Ugliness in Araby, by James Joyce
Length: 686 words (2 double-spaced pages)
- - - - - - - - - - - - - - - - - - - - - - - - - - - - - - - - - -
The description of the neighborhood, in which the narrator and Mangan and his sister live, is where we begin to see the development of setting. The narrator describes the neighborhood as a quiet, dead end street, where the houses (except the uninhabited two-storey house) "gazed at one another with brown imperturbable faces" (Joyce 395). It doesn't sound like it was an exciting neighborhood; in fact, we get the feeling that nothing happens in this kind of neighborhood at all. The lack of anything happening in their neighborhood helps us understand why the idea of Araby as something exotic and exciting was one that captured the narrator and Mangan's sister.
The setting of the neighborhood is described not only as boring, but also as dark, as almost foreboding. In winter, the neighborhood consisted of "dark muddy lanes behind the houses", "dark dripping gardens" and "dark odourous stables", where even the street lamps were feeble (Joyce 396).
This darkness suggests an almost sad tone. It gives the sense of a bleak life, immune to happiness, a sense that nothing good will or can happen there. Even when spring came, "the air was pitilessly raw" (Joyce 397); this neighborhood was abysmal not only in winter, but in spring when we think of things as beautiful and happy. The bleakness of the neighborhood helps us to understand why life seemed so bleak to the children who lived there; they give the impression they would rather be anywhere else.
The neighborhood in general is just the beginning of the setting; the house the narrator lived in also helps to set the tone. The house had a musty air that hung in all the rooms (Joyce 395), which were themselves "high, cold, empty, [and] gloomy" (Joyce 398). We get the feeling that the house was very large, as it had a front parlour, a hall (Joyce 396) and a waste room (Joyce 395), in addition to all the rooms you would expect to find in a house (bedrooms, bathrooms, kitchen, etc.). The suggestion of the size of the house gives us the feeling that these are well off people, living in a well off neighborhood. We tend to imagine that people who are well off live extraordinarily exciting lives and are quite happy, but this story suggests that these ideas are just utopious, and have no bearing on reality. The narrator does not get what he wants in the end, as we may expect someone in a well off family would.
Even though Araby seemed to hold everything his world was lacking, the narrator found out that it could be even more bleak than home. The setting at the bazaar was no better than the setting in the narrator's own neighborhood and house. He arrived at the bazaar to find an improvised wooden platform (Joyce 398). The narrator was then faced with a "big hall girdled at half its height by a gallery" (Joyce 399), which suggested magnificence, but held only darkness. Most of the stalls were closed, and "the greater part of the hall was in darkness" (Joyce 399). The narrator tells us that the hall held a "silence like that which pervades a church after a service" (Joyce 399). The few people that were still at the bazaar, and noticed him, treated the narrator as if they wished he would leave, attending to him only out of a sense of duty (Joyce 399). Going to the bazaar seemed a fruitless effort to gain something that could not be gained through going to a bazaar, or other `opiate of the masses'.

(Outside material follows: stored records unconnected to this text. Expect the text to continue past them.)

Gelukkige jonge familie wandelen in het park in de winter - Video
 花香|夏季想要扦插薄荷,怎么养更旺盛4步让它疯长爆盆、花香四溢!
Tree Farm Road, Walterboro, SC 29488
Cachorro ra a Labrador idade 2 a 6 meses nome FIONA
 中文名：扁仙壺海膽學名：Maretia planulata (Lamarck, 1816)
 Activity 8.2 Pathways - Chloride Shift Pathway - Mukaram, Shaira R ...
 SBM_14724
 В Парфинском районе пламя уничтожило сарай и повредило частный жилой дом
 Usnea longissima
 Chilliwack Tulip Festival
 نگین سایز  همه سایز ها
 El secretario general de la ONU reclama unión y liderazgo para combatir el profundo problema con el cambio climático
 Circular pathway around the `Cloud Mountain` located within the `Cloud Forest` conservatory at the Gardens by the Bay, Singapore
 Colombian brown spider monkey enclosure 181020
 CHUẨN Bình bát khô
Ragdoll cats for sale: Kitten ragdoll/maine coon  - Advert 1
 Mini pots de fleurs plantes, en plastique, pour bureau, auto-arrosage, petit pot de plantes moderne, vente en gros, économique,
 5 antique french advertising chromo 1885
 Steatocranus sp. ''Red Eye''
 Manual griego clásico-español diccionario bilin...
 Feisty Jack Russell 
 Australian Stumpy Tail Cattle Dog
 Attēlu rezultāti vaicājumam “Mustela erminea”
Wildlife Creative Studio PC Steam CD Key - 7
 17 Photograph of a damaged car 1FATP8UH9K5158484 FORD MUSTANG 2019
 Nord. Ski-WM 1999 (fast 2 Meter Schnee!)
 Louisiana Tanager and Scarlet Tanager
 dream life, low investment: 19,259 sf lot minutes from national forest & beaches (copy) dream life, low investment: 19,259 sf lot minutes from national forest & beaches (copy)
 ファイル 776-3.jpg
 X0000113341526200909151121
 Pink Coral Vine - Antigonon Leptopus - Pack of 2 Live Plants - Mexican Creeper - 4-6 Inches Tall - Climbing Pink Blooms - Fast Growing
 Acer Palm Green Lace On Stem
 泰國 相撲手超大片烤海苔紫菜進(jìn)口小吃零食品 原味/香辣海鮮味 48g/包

The setting in "Araby" is desolate, the tone one of disappointment and inadequacy. The description of the setting helps to set this tone, and through the setting and the tone, we can understand the feelings of anguish and anger that the narrator had at end of the story. He came to the realization that life controls and taunts people. We get the feeling, through the setting and tone, that the overall message of this story is that when life seems hard, it is, and when it seems like it might get better, it won't.
Joyce, James "Araby." The Norton Introduction to Literature. Eds. Jerome Beatty, Alison Booth, J. Paul Hunter, Kelly J. Mays. New York: W. W. Norton & Company, Inc., 2002, 395-399.